Retroblogging: Favorite Childhood Poem about a Horse

After all this "poetry" from my childhood, we need a palate cleanser. I know I've mentioned a few times that I was horse crazy as a kid, but I was so horse crazy that I also collected equine-themed poetry and people created computer graphic equine art. (Look, it was the 1980s ... computer graphics and printers were limited to DOS programs and dot-matrix printers. Cut us a break!)



It was hard to keep dibs on this poem. Long narrative epic poems aren't always in fashion and I couldn't always find it in anthologies. I have a version I transcribed in pencil, the copy seen above typed into an early version of a word-processing document on the computer, and now this one - all saved for posterity.

The Arab to his Favorite Steed
By Caroline Norton

My Beautiful! My beautiful that standest meekly by,
With thy proudly arched and glossy neck, and dar
k and fiery eye,
Fret not to roam the desert, with all thy winged speed;
I may not mount on thee again, - thou’rt sold, my Arab steed,
Fret not with impatient hooves – snuff not the breezy wind
The farther that thy fliest now, so far am I behind;
The stranger hath thy bridle-rein-thy master hath his gold,
Fleet-limbed and beautiful, farewell; thou’rt sold, my steed, thou’rt sold.

Farewell! Those free untried limbs full mile must roam.
To reach the chill and wintry sky which cloud the stranger’s home
Some other hand, less fond, must now thy corn and bed prepare,
The silky mane, I braided once must be another’s care!
The morning’s sun shall down again, but never again with thee,
Shall I gallop through the desert path; where we wont to be;
Evening shall darken on the earth, and o’er the sandy plain,
Some other steed, with slower step, shall bear me home again.

Yes, thou must go! The wild, free breeze, the brilliant sun and sky,
Thy master’s house-from all of these my exiled one must fly,
Thy proud dark eye will grow less proud, thy step become less fleet.
And vainly shall thou arch thy neck, thy master’s hand to meet,
Only in sleep shall I behold that dark eye, glancing bright,
Only in sleep shall I hear thy step so firm and light.
And when I raise my dreaming arm to check or cheer thy speed,
Then must I, starting wake to feel, thou’rt sold my Arab steed,
Ah, rudely, then, unseen by me, some cruel hand may chide.
‘Til form-wreathes lie, like crested waves along thy panting side;
And the rich-blood that's in thee swells in thy indignant pain,
‘Til careless eyes, which rest on thee, may count each starting vein
Will they ill-use thee, If I thought-but no, it can not be.
Thou art so swift, yet easily curbed, so gentle, yet so free.
And yet, if hap’ly, when thou’rt gone, my lonely heart should yearn,
Can the hand which casts thee from it, now command thee to return.

Return!
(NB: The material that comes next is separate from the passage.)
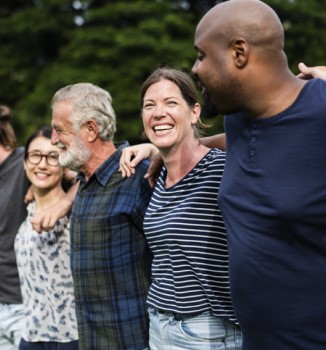 A diverse group of people stand with their arms around eachother.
Alas! My Arab steed, what shall thy master do,
When thou, who wast his all of joy, hast vanished from his view?
When the dim distance cheats thy eye, and though the gathering tears,
Thy bright form, for a moment, like eye false mirage appears;
Slow and unmounted shall I roam, with weary step alone,
Where, with fleet step and joyous bound thou oft hast borne me on,
And sitting down by that green well, I’ll pause and sadly think,
It was here he bowed his glossy neck when last I saw him drink,

When last I saw thee drink! – Away!- The fevered dream is o’er –
I could not live a day, and know that we should meet no more!
They tempted thee, my beautiful, for hunger’s powers strong,
Who said I have given thee up? Who said that thou wast sold?
‘Tis false! – ‘Tis false my Arab steed, I fling them back their gold,
Thus, thus, I leap upon thy back, and scout the distant plain,
Away, who over takes us now shall claim thee for his pains!